Prior to Tennessee Commerce, only the Second Circuit, in Bechtel v. Competitive Technologies, Inc., had squarely confronted an attempt to enforce a preliminary order by the DOL—and that case did not produce a clear holding with regard to jurisdiction. Two out of three judges on the Second Circuit panel declined to enforce the preliminary order, but there was no consensus regarding jurisdiction. Although the majority opinion stated that SOX’s statutory scheme did not grant the federal courts authority to enforce a preliminary reinstatement order, the concurring judge agreed to reverse on other grounds.

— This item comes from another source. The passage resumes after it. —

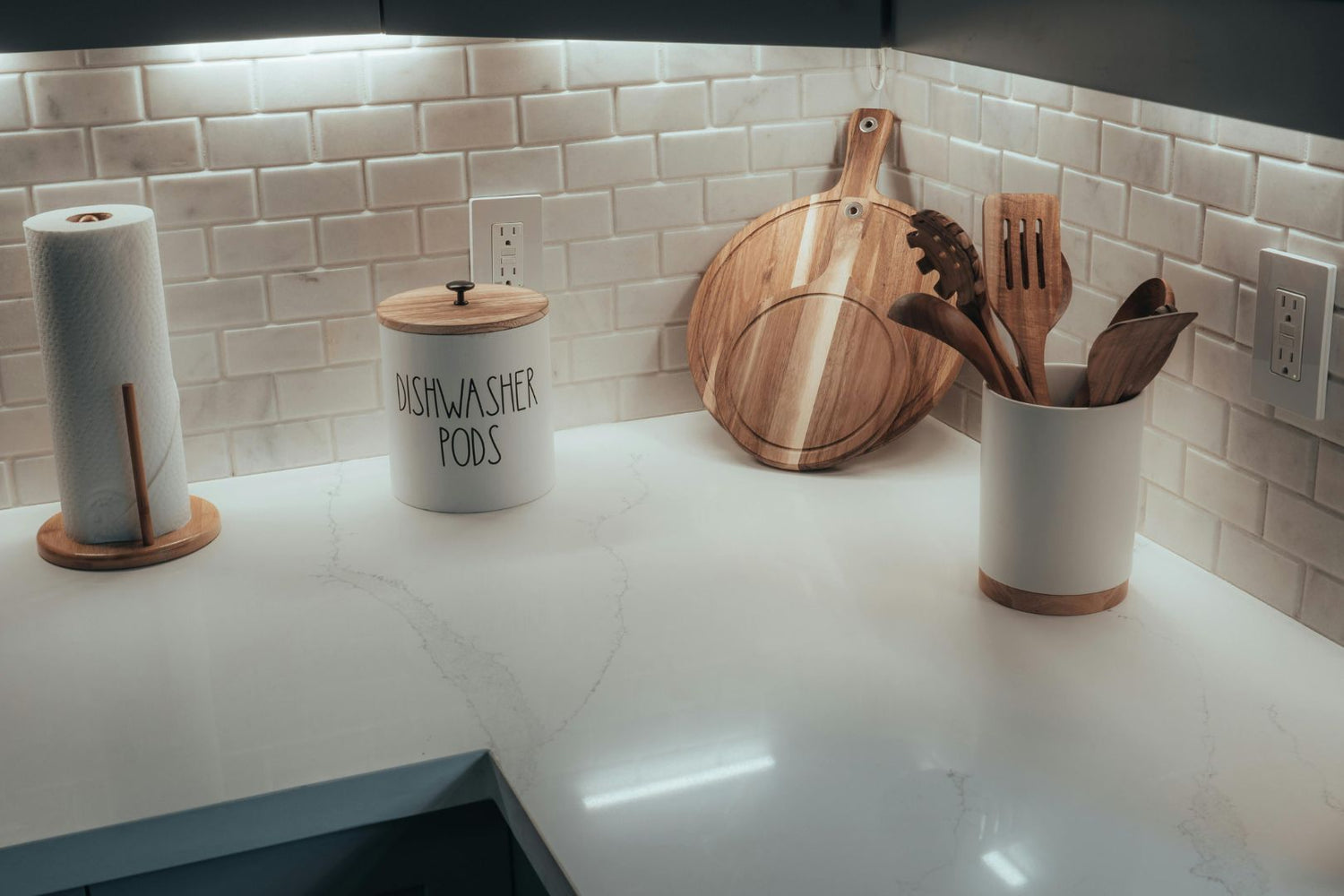 White kitchen undercabinet illuminated with Proluxe LED lighting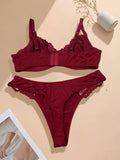 Plus Size Wine Red Lace Bra Set Soft Underwire Push Up Gather Uplift Anti Sagging Sexy Lingerie 2 Piece Panty Set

Unfortunately, like Bechtel, the decision issued by the Sixth Circuit in Tennessee Commerce fails to definitively answer the jurisdictional question. While recognizing the “substantial question as to the authority of the district court to issue the preliminary injunction,” the Sixth Circuit panel declined to rule on that issue. Instead, the court found that the potential harm to Tennessee Commerce if forced to temporarily reinstate Mr. Fort outweighed the harm to Mr. Fort of not being immediately reinstated. By reversing the lower court’s order but declining to decide the jurisdictional issue, the Sixth Circuit impliedly recognized the jurisdiction of the federal courts to hear actions arising out of preliminary reinstatement orders.
In the wake of Tennessee Commerce, whistleblowers will still clearly face a high threshold to demonstrate that the balance of harms tilts in favor of their reinstatement under a preliminary order. However, Secretary of Labor Hilda Solis has clearly shown herself willing to bring enforcement actions on the basis of preliminary orders and the possibility remains open that other federal courts could enforce such orders.
In the face of this continuing uncertainty, it remains important that employers adhere to the best practices to avoid and defend SOX whistleblower claims. Such preemptive measures include the implementation of adequate internal complaint procedures and the maintenance of confidentiality throughout the investigation of a potential whistleblower’s complaint. To prevent and manage retaliation, employers should avoid disclosure of a complaining employee’s identity to his reporting chain, consider separating the employee from an accused manager, and assure that any disciplining of a complainant is comparable to that of other employees in similar situations. Finally, it is essential that covered companies produce and maintain accurate and complete documentation of the investigation of SOX-related complaints and terminations of employees for cause.